Hi,
Is there a canonical way to ensure a value will be in a specific register prior to a call? I’d like the intervening code to be able to reuse the register, so I’d like to avoid reserving it. The value is valid for the lifetime of the frame, but can likely be recomputed efficiently. Since the value isn’t needed except at call sites, I’d like to ensure that the register allocator, and any other optimizations can leverage this information.
As an example, assume on X86 that I’d like to use R11
as part of this protocol, but I’d still like to use it as a free register between calls. Which register it is, doesn’t matter, and I picked R11
rather arbitrarily since its a scratch register, but in practice it may actually end up being a callee saved reg (still TBD). I’d also like to do this for targets other than X86, so I’m after a general method rather than any specific advice regarding X86.

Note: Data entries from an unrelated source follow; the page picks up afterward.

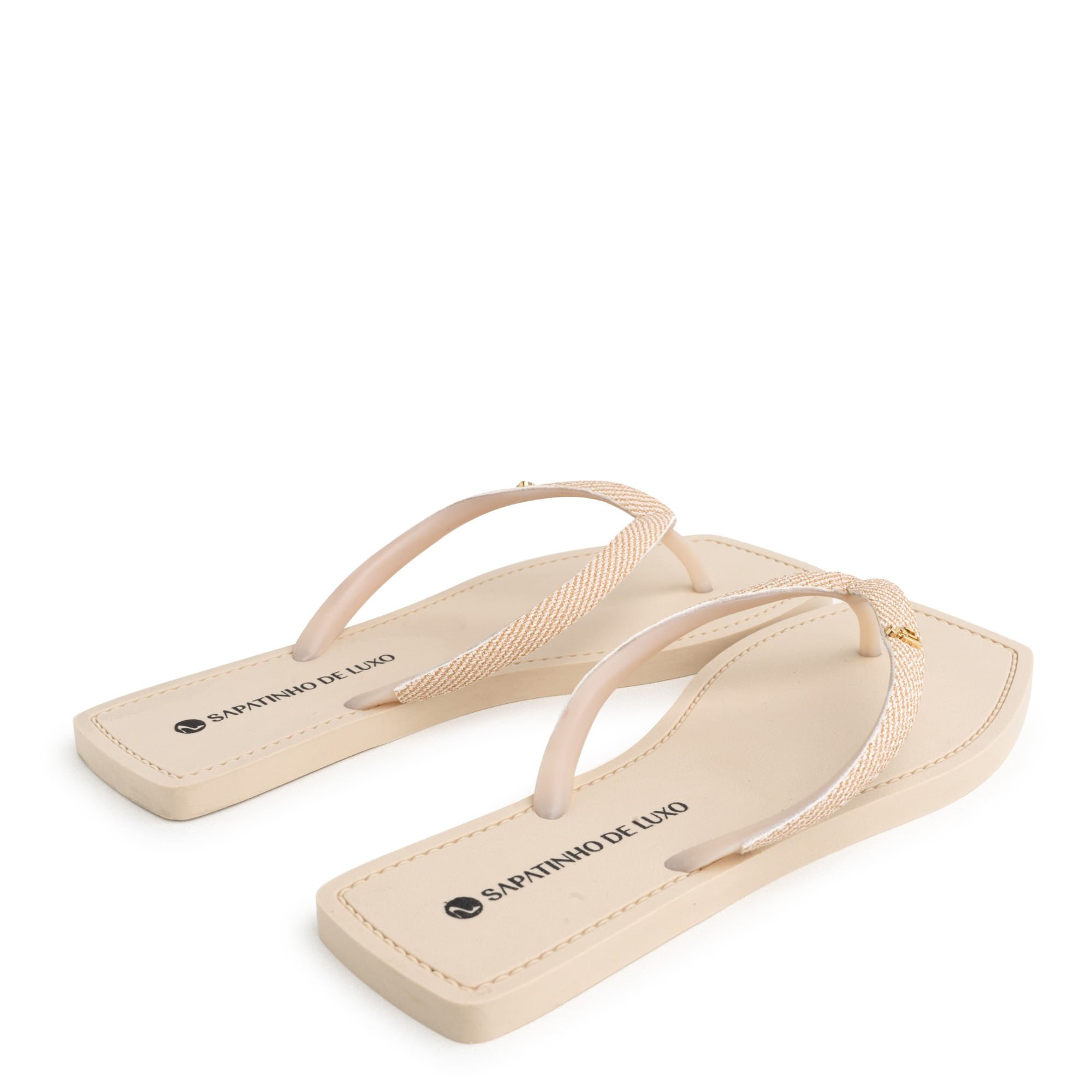Rasteira Nude Manteiga Tira PVC com Enfeite SDL 450.03_4 Branco 4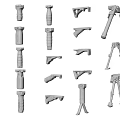 Diverse Range of Weapon Tactical Components Including Grips Bipods Handles and Mounts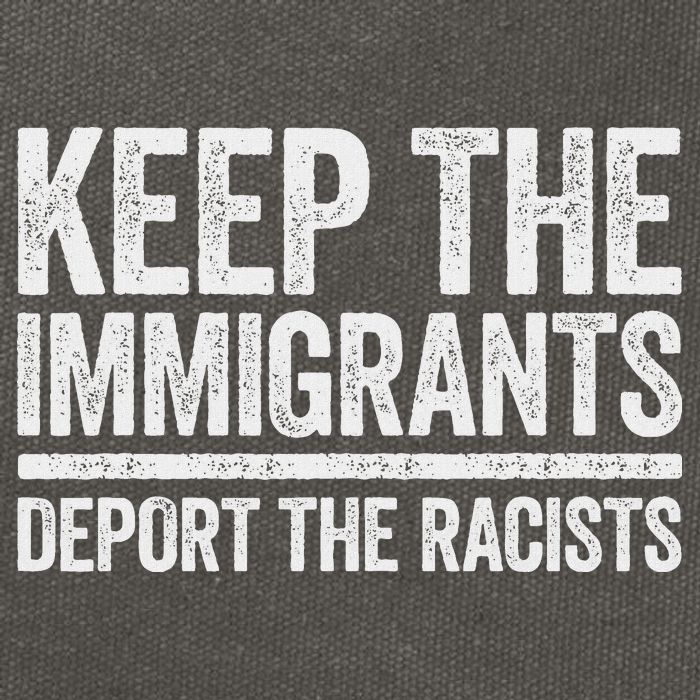 Keep The Immigrants Deport The Racists Pro Immigration Cotton Canvas Backpack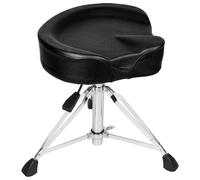 Vhffoso Sgabello per batteria idraulico, regolabile in altezza da 45 a 65 cm, robusto e a doppia punta, sedia per batteria in stile moto, seggiolino per batteria per bambini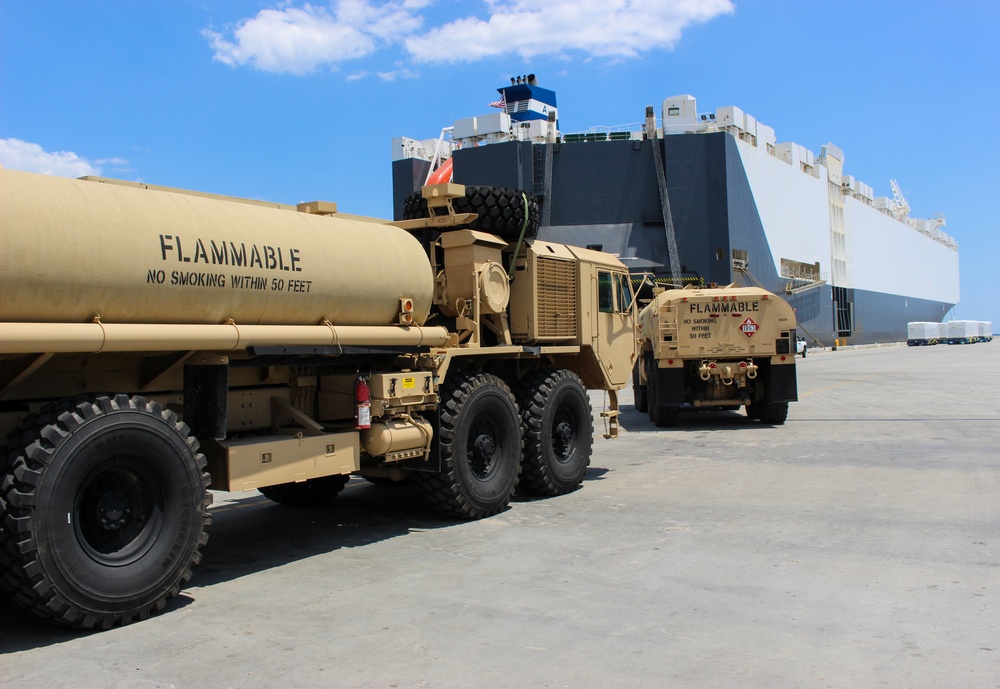 155th first Army unit to use Port of Gulfport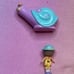 Vintage 1992 Blue Bird Polly Pocket snail penpal lulu doll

In the snippet below, the prologue executes normally, but we additionally use R11
before computing its new value in the callee. After the callee returns, R11
can be freely used again. Ideally the optimizer would decide if it should be loaded, spilled, or recomputed prior to the call to foo(...)
in BB2
. The callee foo()
may or may not participate in the protocol, but either way, we’d like R11
to hold the correct value at the call site.
prologue:
// Handle Callee saved regs, etc.
// use passed in R11
// compute new R11 value for current frame
// ... R11 can be used as a free register until the next CALL instruction
BB2:
// Marshall arguments (omitted)
// Rematerialize R11 for callee (may be recomputed, reloaded, or copied)
// Call foo(...)
// R11 is free again ...
I’m pretty sure there are many approaches that would work here, but this seems like a common enough task that I figured it would be best to just ask before running off and experimenting.
I did spend some time digging through CodeGen
and Target
but I haven’t found anything obvious yet. Most of my experience has been doing analysis and transforms on LLVM IR rather than modifying the backend, so I’m not familiar w/ many of the codegen and target specific transforms.
Any pointers here are very much appreciated.